When you click on the input field in the built-in browser, Octoparse can detect that you select a search box, the “Enter text” action will automatically appear on “Action tips”.
Input the first keyword “Big Data” on “Action Tips”
Click “OK”, then the”Enter Text” action will be generated in the workflow
Drag the “Enter Text” action into the”Loop Item. Click on the “Enter Text” action
Go to “Loop Text” and select “Use the text in loop item to fill in the text box” and click “OK” to save.
Click the search button of the web page and select “Click button” on “Action Tips”, you will notice the “Click Item” action is added into the workflow.
3)Dealing with infinitive scrolling
In this case, pagination is not an option for loading the searching results, we will need to scroll down to the bottom of the page continuously to load all the contents.
Check “Scroll down to bottom of the page when finished loading” under “Advanced Options”
Set “Scroll times” and “Internal” you need
Select “Scroll down to bottom of the page” as “Scroll way”
Click “OK” button to save the result
Make sure that you input “Scroll times”, otherwise Octoparse wouldn’t perform the scroll down action. We suggest it is better to set a relatively higher value of “Scroll times” if you need more data.

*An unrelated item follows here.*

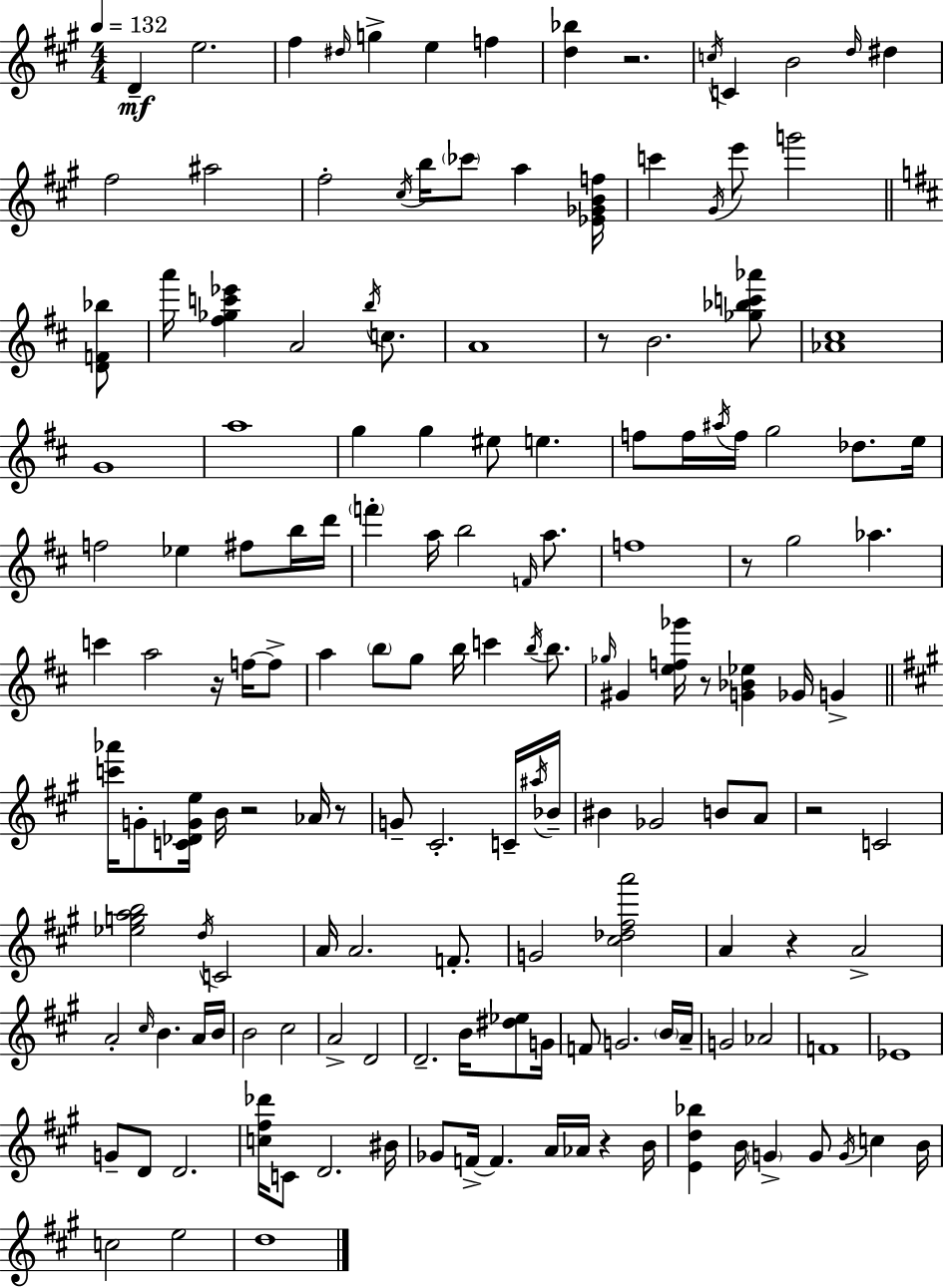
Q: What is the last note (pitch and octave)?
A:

Most social media website use scroll-down-to-refresh to view more data, click here to learn more about: Dealing with infinite scrolling.
4) Create a “Loop Item” -to loop extract each item
When you create a list of items to scrape a website, sometimes the list may include several “Ads” items. To exclude the promotional video in this case, we can start building the “Loop Item” from the second row of the products on this page.
Select the second block in the built-in browser
We need to make sure the whole block of the first video item is covered in blue when you curse over your mouse. Only in this way, we could see the whole item block is highlighted in green after clicking, covering all other information like video title, channel name, total
Click the third and fourth whole video item, until Octoparse identifies all other videos.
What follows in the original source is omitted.